Rating:
PG
House:
The Dark Arts
Characters:
Remus Lupin Sirius Black
Genres:
General Angst
Era:
Multiple Eras
Spoilers:
Prizoner of Azkaban Goblet of Fire Order of the Phoenix
Stats:
Published: 07/11/2003
Updated: 07/11/2003
Words: 798
Chapters: 1
Hits: 440

Fear No More

Portia

Story Summary:
A grieving Remus Lupin contemplates Sirius's life and tries to come to terms with his death.

Posted:
07/11/2003
Hits:
440
Author's Note:
The italicized verses come from Shakespeare's Cymbelline, Act IV, Scene 2.


Fear No More

He could not see the walls or the ceiling--the lights were out, and the dusty velvet curtains too thick to let in any stray glow from outside. He supposed it was better that way. As there was no light, there could be no shadows, no dark specters lurking around his bedside and exciting his most childish fears.

He wondered how he could have endured this, during his childhood: sleeping in this room all alone while the gray shapes flitted around mockingly. But his capacity for endurance had always been high.

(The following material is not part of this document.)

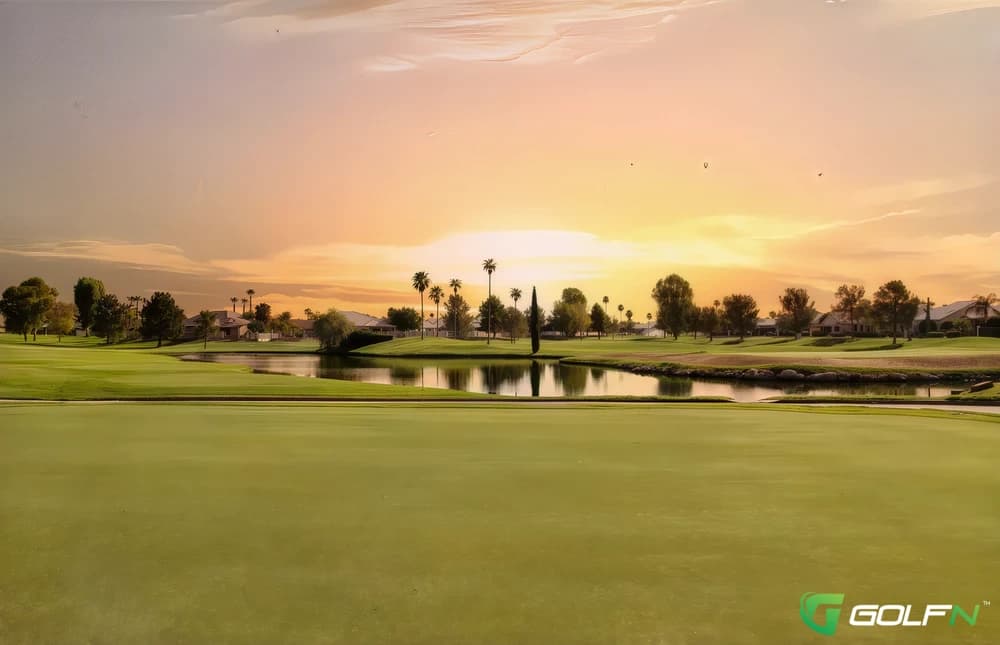 South - Ironwood Country Club in Palm Desert, California — private, 36-hole golf course, designed by Keith Foster (1993)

Sirius. Remus finally said the name in his mind, then forced his mouth into unwilling submission and said it aloud.

"Sirius." His voice was wobbly and weak, and his whole body shook. The name brought to Remus's mind the idea of a gust of wind, boldly overturning everything in its path, wild and free and fearless.

Everything that Sirius had not been permitted to be.

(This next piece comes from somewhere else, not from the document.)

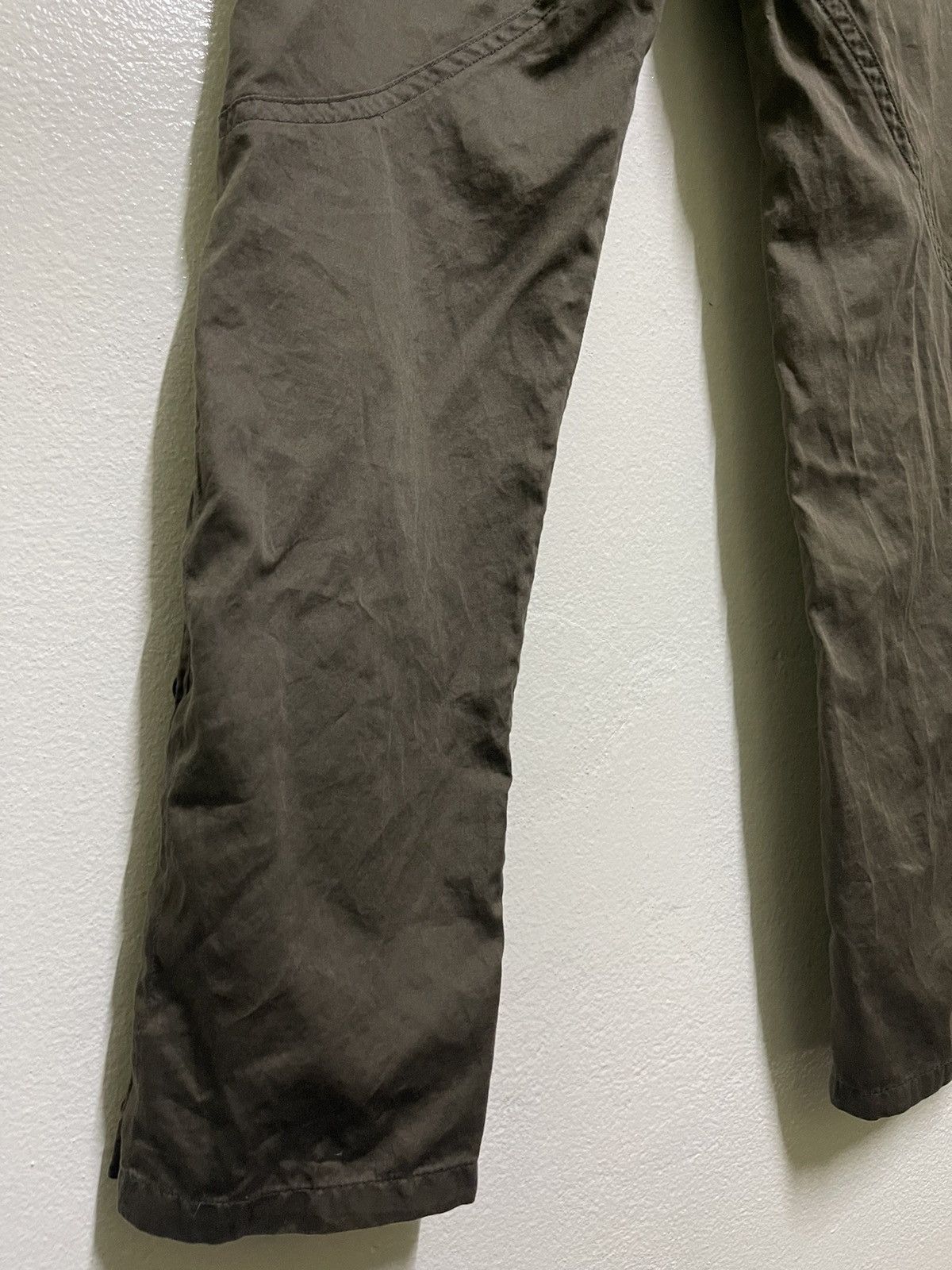 Issey Miyake × Japanese Brand × Sunao Kuwahara Sunao Kuwahara Designer Pants Rare Japan Size 29" - 11 Thumbnail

His mother's shrill hectoring and his father's sneering indifference eating away at him, acting as corrosively as an acid poured on his heart. His sheep-like brother, the chilly Narcissa and the ferocious Bellatrix, too well-schooled in the lessons of arrogance, thoughtlessness and hatred to provide him with any love. Kreacher's scraping servility and thinly-veiled resentment. Kreacher's mother's execution; her head mounted on the wall to stare dully at him along with the others. The grim-faced portraits, ceaselessly watching his every move, never allowing him an escape. The dark walls, invisible at night. The thick curtains, shutting out all possibility of light. Shadows pursuing him throughout his formative years, forbidding him blissful solitude, bleeding him of all joy.

A gust of wind, trapped within a tiny bottle and roaring impotently.

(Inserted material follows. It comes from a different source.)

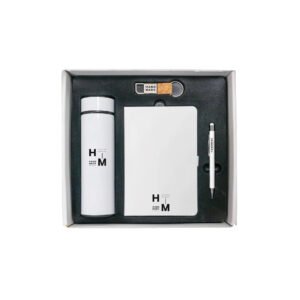 4-in-1 Premium Corporate Gift Set (White Box)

And then--a short time in what must have seemed like Paradise, after he ran away to live with the Potters and before the hovering cloud of Lord Voldemort descended upon them. Then there was war, terror and hysteria.

Suspicion. Betrayal.

And after that, Azkaban.

Remus had often wondered at what it must have taken for Sirius to survive Azkaban with his sanity intact. After coming to live at Grimmauld Place, he wondered no longer. Dementors, after all, were merely the old shadows made manifest.

And Sirius had fought them, trying tirelessly to exorcise the shapeless figures that haunted him in his very dreams.

And he won, thought Remus with a surge of relief--there was, after all, a healing thought for him to cling to as he flailed about in his poisonous abyss of grief.

The shadows had never left Sirius in peace, but they had never conquered him, either. They had nibbled away at his joy in existence, his capacity to feel, but it had always replenished itself. Sirius had stepped out of the darkness of Azkaban, blinking and stumbling in the unexpected light, but welcoming it with open arms and brimming with...with...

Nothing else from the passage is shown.